If there is a need for complex transformations and/or data quality integration, then PWC will provide your solution.
If however there is a need to build out and deploy a data movement scenario where there are little to no transformations, then Data Replication is your solution.
Throughput factor: Data Replication supports native apply mechanisms to these appliances: Teradata, Netezza, Greenplum, Vertica and provides focused optimized SQL to ensure high speed target loading.
Another compelling Throughput factor in considering the Data Replication solution: only changed data is propagated from source to target – not all columns which is the way that it works today for PWX CDC except for Mainframe DB2. That can offer compelling performance results.
And, it is very important to take a look at what sources and targets are needed for any particular Data Replication Use Case. As of right now, if Mainframe (zSeries) or AS/400 (iSeries) is involved, there is not currently a solution. However, this is on the Roadmap for 2012 and see your friendly Replication Product Manager for more details.

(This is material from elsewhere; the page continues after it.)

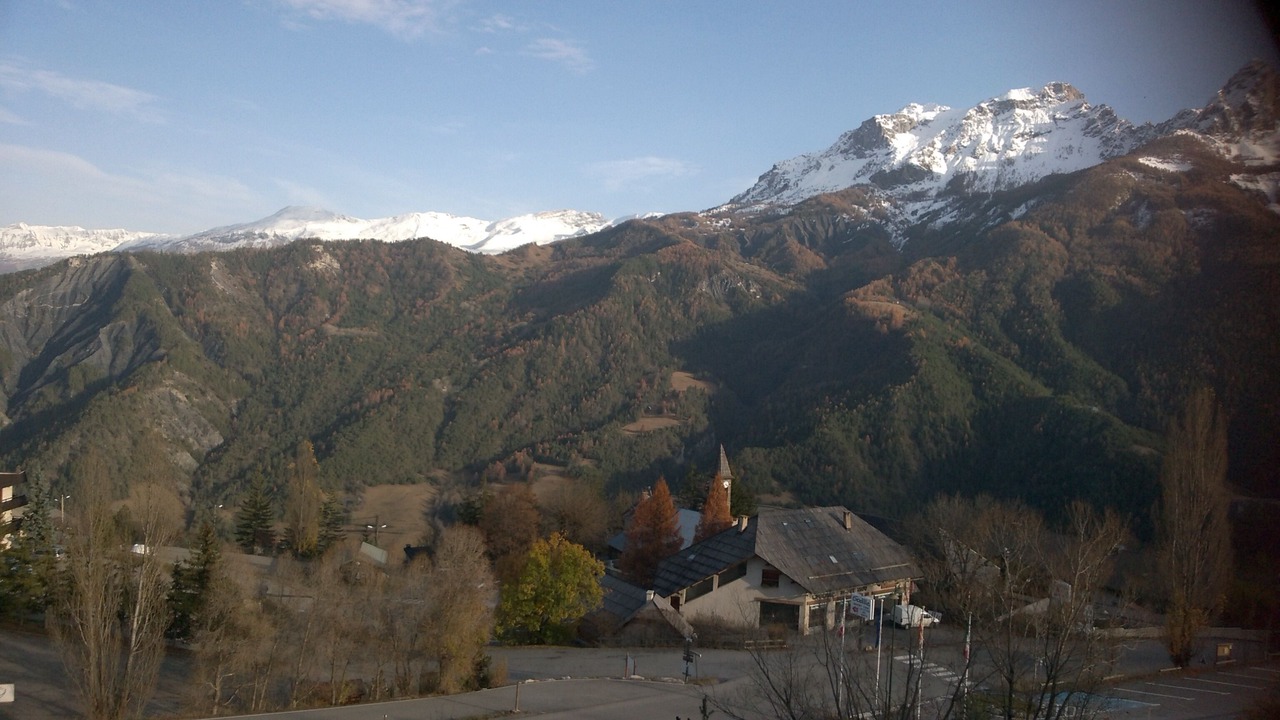 Photo of Outdoor in Pra Loup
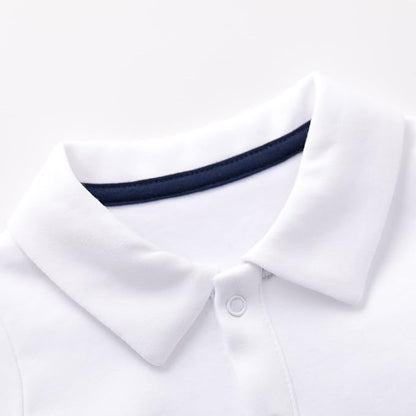 pureborn Baby Boys Girls Bodysuit Super Soft Cotton Romper 0-24 Months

Here is a point specifically around our existing PWX Oracle CDC solution. If you are wondering whether to use PWX Oracle CDC (which includes both the LogMiner and Express options) or our Data Replication solution – the short answer is: if there is little to no (i.e. outside of data type conversion) transformation – regardless of the number of tables involved – take advantage of our Data Replication solution. Also… if you need to process Oracle logs off the Oracle Server or you need to process CLOB, LOB type columns, then Data Replication is also your solution available right now.
Note that PWX Ora Express for 9.x will be out end of August 2011 and will add support for RAC/ASM (Oracle) and support for 9.x of PowerCenter.
So – overall, looking at the two solutions at a very high level:
Data Replication is about More Replication, Little Transformation, the ability to perform massive set at a time processing.
PowerCenter + PowerExchange CDC is about Complex Transformations, Environments, Little Replication, Table at a time processing.
And, very important: if you are getting to this level of technical detail in any client discussion, this is where you will need to engage a technical resource, versed in our real-time data connectivity offerings, to support you in coming up with the best approach for that individual client’s data integration initiatives. This matrix is meant to be an overall guide to help you understand some of the distinctions/boundaries between the two solutions. So you want to work closely with your Informatica Account Team and your customer or prospect to come up with the best solution possible.